-- Opening Marker --

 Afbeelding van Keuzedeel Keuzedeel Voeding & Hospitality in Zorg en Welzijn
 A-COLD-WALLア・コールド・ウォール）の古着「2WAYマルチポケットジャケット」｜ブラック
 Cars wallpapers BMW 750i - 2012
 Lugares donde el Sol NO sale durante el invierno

-- Closing Marker --
-- Opening Marker --

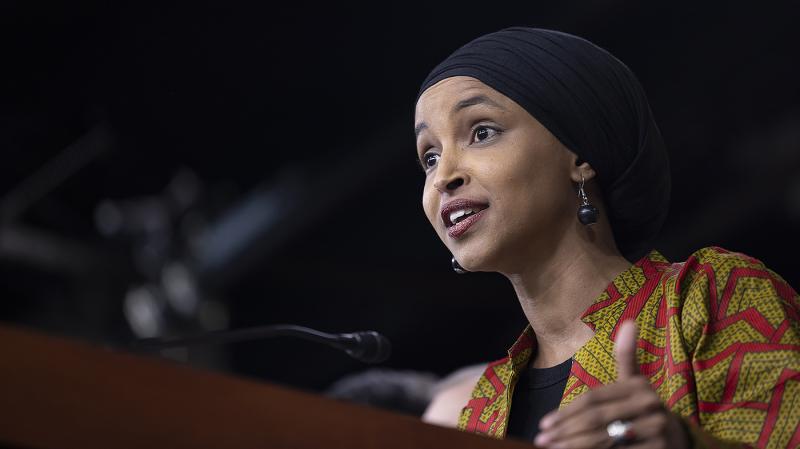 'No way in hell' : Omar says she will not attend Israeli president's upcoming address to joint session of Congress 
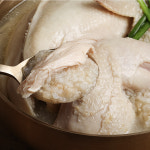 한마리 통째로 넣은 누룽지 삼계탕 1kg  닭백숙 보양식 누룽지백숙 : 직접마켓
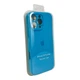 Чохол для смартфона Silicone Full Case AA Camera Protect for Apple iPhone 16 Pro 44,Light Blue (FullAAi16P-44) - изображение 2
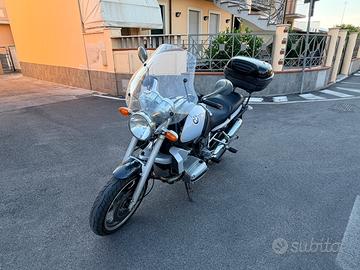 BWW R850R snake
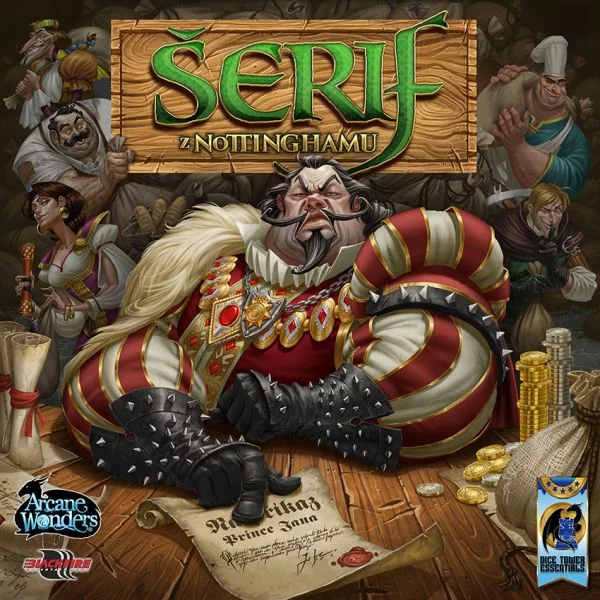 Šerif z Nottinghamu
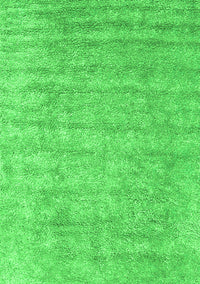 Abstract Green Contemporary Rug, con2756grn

-- Closing Marker --

What is required
Without the pictures, give again exactly the lines above starting at the line containing "BWW R850R snake" and ending at the line containing "Abstract Green Contemporary Rug, con2756grn".

Solved problem
 BWW R850R snake
 Šerif z Nottinghamu
 Abstract Green Contemporary Rug, con2756grn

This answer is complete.